View from a small hill in the "town" of Nos, which is 20 miles to the SE of Santiago. This photo also shows what the "Valley of the Mapocho" (aka Santaigo) must a have looked like 500 years ago.
Q: How does a noisy, big and polluted city of 5 million people disappear?!
A: All you need is a little rain and wind. When you can see the Andes that surround it, the city almost literally vanishes. From the vantage point within the city the Andes are impressive, but not overwhelming. After all Santiago is a BIG city. Step away from the city and you realize how insignificant man's work really is compared to nature. Litterally and ant standing next to an elephant.

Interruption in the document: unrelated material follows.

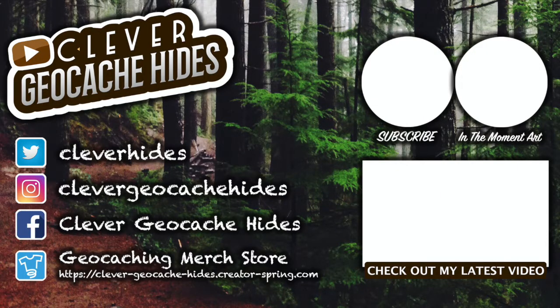Thanks for checking out my video. Don't forget to subscribe, check out my latest video, and also my other channel, In the Moment Art, where we do step-by-step tutorials for kids.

For those of you that have never been there Santiago sits at and elevation of approximately 2,000 feet. The tallest buildings in the city are about 40 some stories tall (big, but not huge - it's a very seismic country). The lowest little dark hill on the lower left corner is Cerro San Cristobal, from where several photos in this gallery were taken. This little, but steep hill still almost in the center of Santiago and is only about 2,700 feet high. It is easily accessible by foot or car - but feels high when you are there though. The darker small mountain in the foreground - which when I was little thought, as many kids incorrectly do, was a volcano, is calle Cerro Manquehue. Much bigger and hard to get to climb is still only 5,000 feet tall and, for all intents and purposes almost in the city now. The snowed peaks in the background are still very close to the city and are probably in the neighborhood of 16,000 feet high. The tallest mountains are off the image to the right and top out at over 22,000 feet and are only about 25 miles from downtown Santiago.